目次
1.遊覧船に乗って
いよいよ遊覧船に乗り込んで島々を巡る。
仁王島
仁王像のように見えることから名づけられた。
数多くの島がある松島湾を代表する奇妙な姿は、長年の波の浸食によって作られた。
対岸の塩竃市。
船からは群島を一望、というのが難しいのと数が多くてそれぞれの島を覚えきれなかったのが残念だが、のんびりと眺めているとあっという間に時間が経つ。
船に乗ること自体が非日常的な体験なので、それも楽しかった。
2.松島の地形
松島の地形はどのように形成されたのか。
ヒントは内陸部にある。この辺りは宮城県の南北の境目となる松島丘陵が広がる地域。
歴史的にも南側は早くから大和朝廷の支配下となったのに対し、北側は長い間蝦夷の治める土地であった。
その松島丘陵の東端が海面上昇で海に沈みリアス式海岸となった。
さらに沈降が進み、山頂部のみが海面から顔を出しいくつもの島となった。
また、侵食・風化を受けやすい地形のため長い歴史の間に風景も少しずつ変化したものと考えられている。
もちろん東日本大震災でも影響があったようだ。
3.松島町の歴史
松島は古くからの観光地であると同時に、街道の分岐点でもあった。
塩田も近くにあり、米を江戸へ運ぶ中継地でもあったため、倉庫が多く役人や商人が逗留する宿場町でもあった。
1889年松島村が発足。
1928年松島町となる。
2011年東日本大震災の被害を受ける。地形のためか周辺地域に比べると被害は軽微であったとも言われている。
産業は観光業の他に水産業、特にカキが有名である。
4.街道をゆく
司馬遼太郎著 「街道をゆく 26」に松島についての記載がある。
松島の景観を評したものと言えば、松尾芭蕉の句が有名である。
しかし、司馬遼太郎はこの本の中で芭蕉の俳句ではなく「おくのほそ道」の紀行文を取り上げている。
司馬の意訳によると
「松島の美は言い古されたことではあるが、日本第一の景観にして中国の洞庭湖、西湖にも恥じぬ。多くの人が言葉を尽くして歌を詠んできた。
島々の形の妙は全てここにある。天をゆびさすもの、波に腹這っているもの、二重や三重に重なっている島々が左へ右へと別れたり連なったりする。
隣の島を背負っているようなもの、大きな島が小さな島を抱いてまるで子供を慈しんでいるようなもの。

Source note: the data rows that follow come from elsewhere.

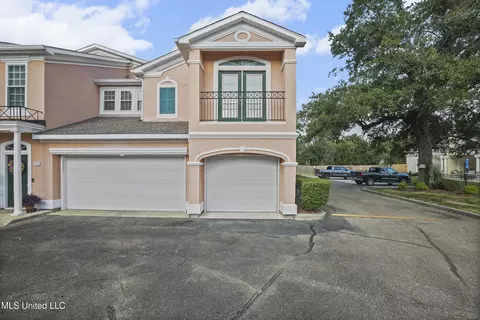 2252 Beach Dr #1203, Gulfport, MS 39507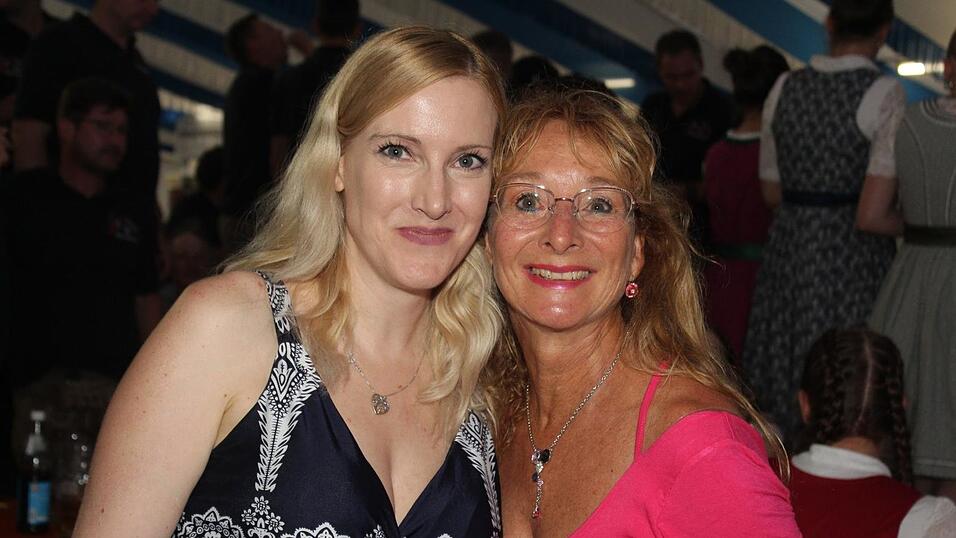 Zur Musik von Headless wurde ausgelassen gefeiert.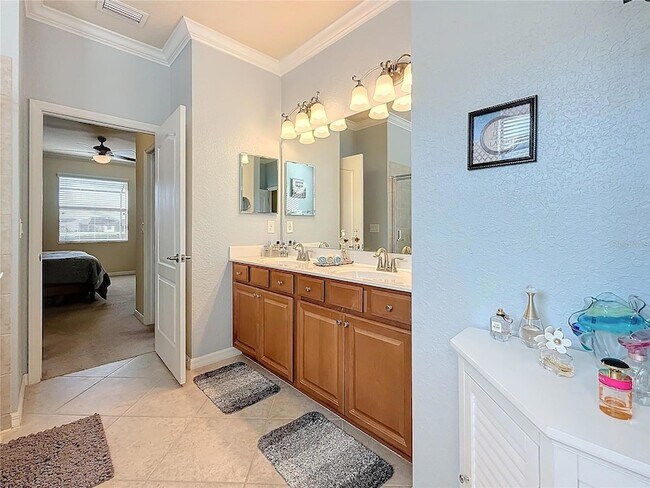 Building Photo - 6467 Willowshire Way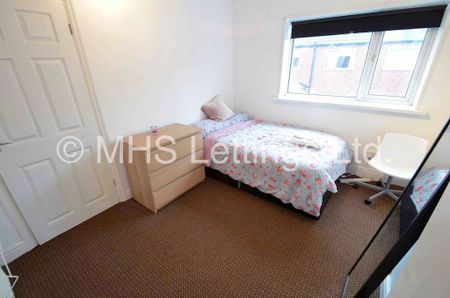 2 Bedroom Mid Terraced House for rent in Park View Avenue - Photo 3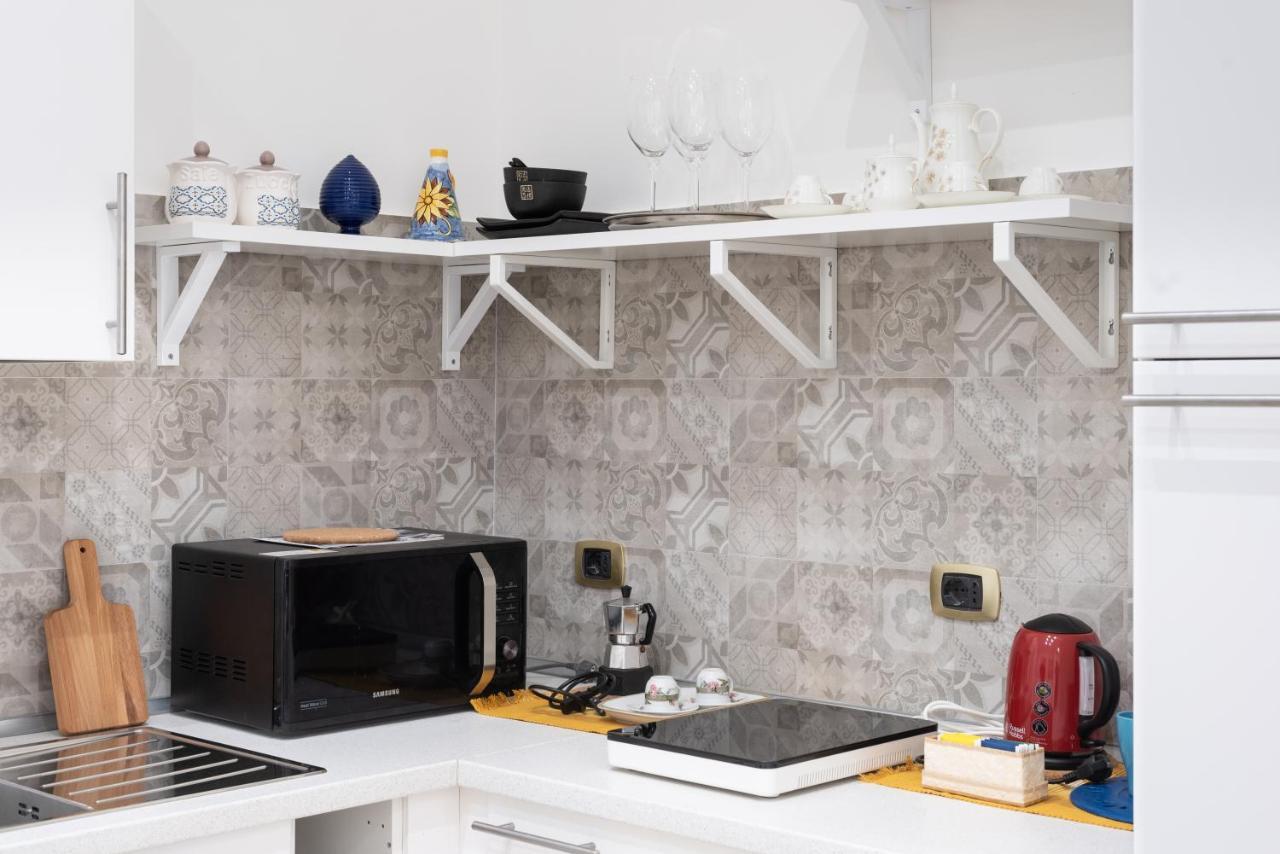 Il Priscio Apartment Бари Екстериор снимка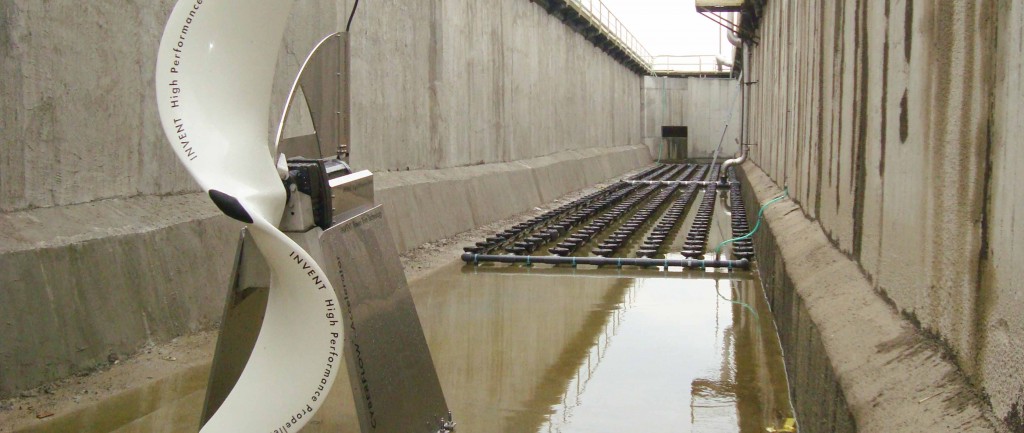 Ideal for directional mixing in oxidation ditches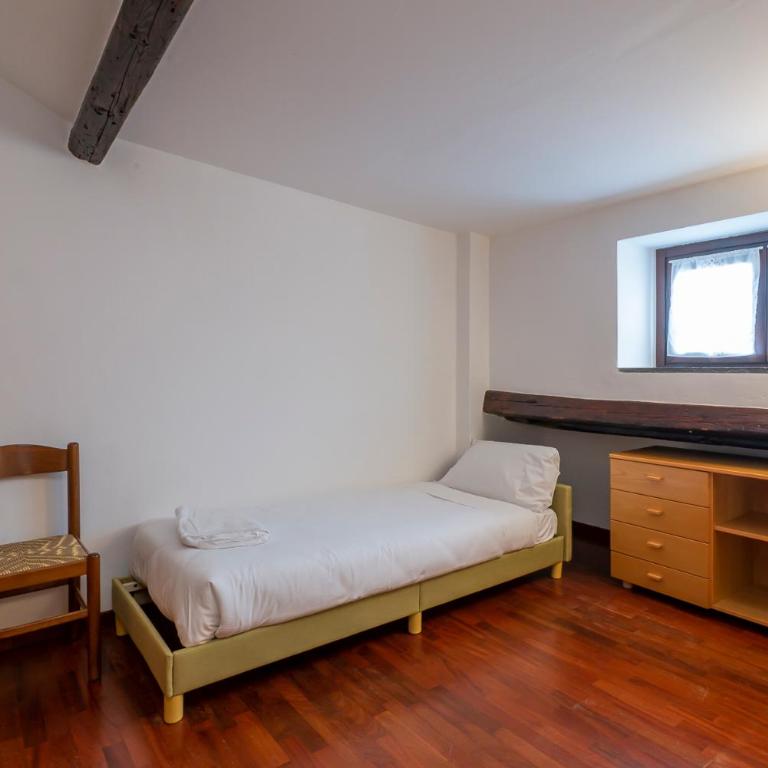 Spazioso e Comodo Appartamento in Centrale FS - AC - Appartamento con 2 Camere da Letto - 23
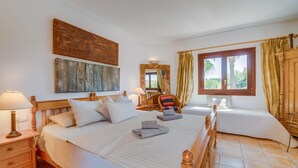 4 habitaciones, tabla de planchar con plancha y cuna de viaje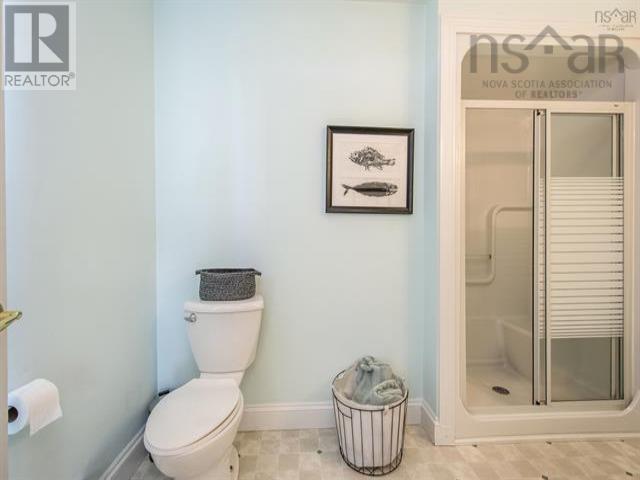 53 King Street Property Photo 17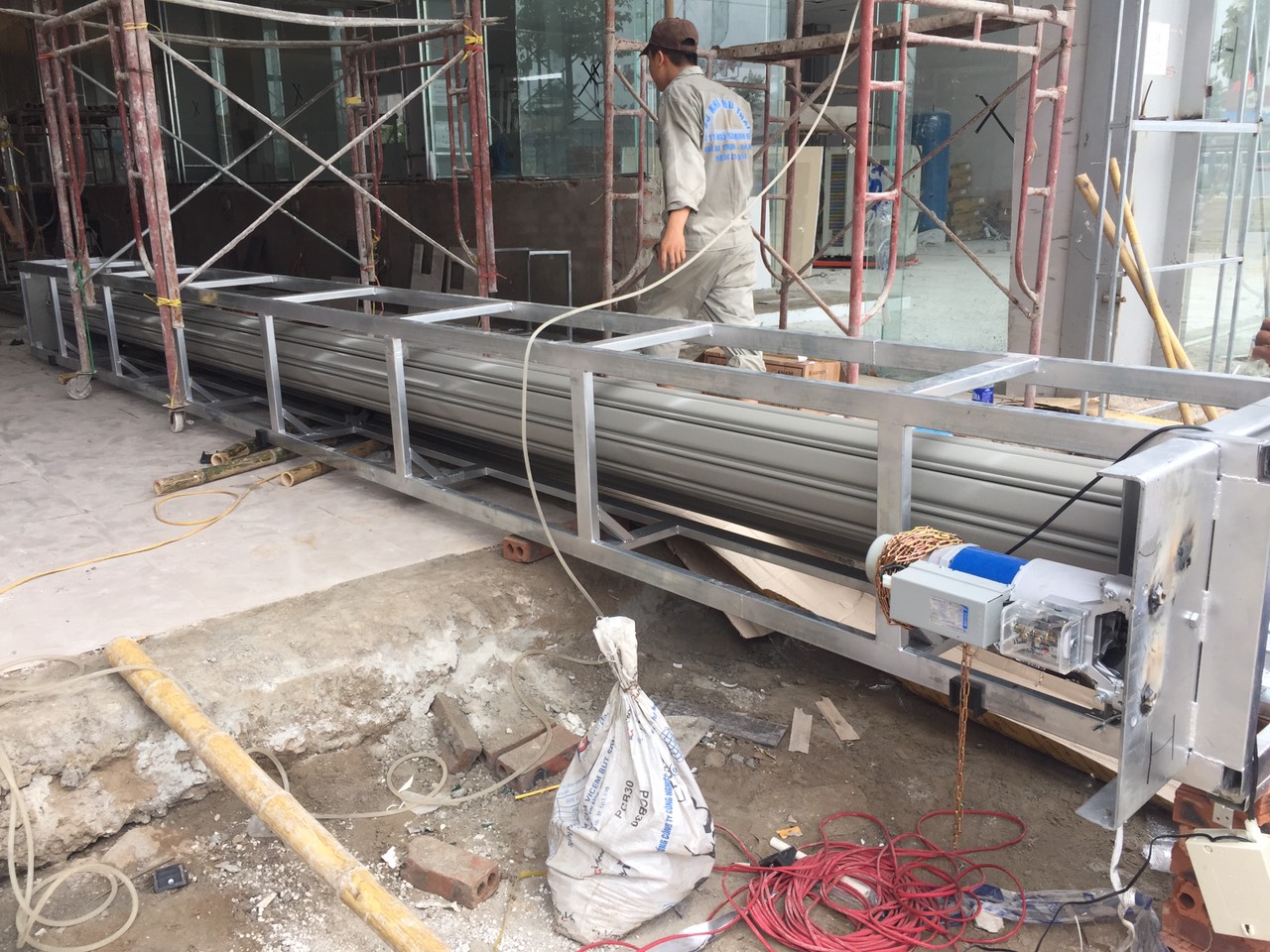 Lắp đặt cửa cuốn tại Yên Viên, Gia Lâm,Hà nội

松の緑も濃密で、潮風に吹かれているうちにまるで人の手で曲げられたような姿。
見とれているうちに美女の顔さえ想像してしまう。
心があまりに昂って、句作を断念し寝ることもできなかった。」
そしてこの紀行文には
「松島や鶴に身をかれ(借れ)ほととぎす」
という弟子の曾良の作を挿んでいることも紹介している。
この芭蕉の嘆息を表した文が、後世「松島や ああ松島や 松島や」という句に変わったものと推察し、作品を発表する際は推敲に推敲を重ねていた芭蕉が後世に残すような句ではないだろうと憤り芭蕉の名誉を回復しようとしていた。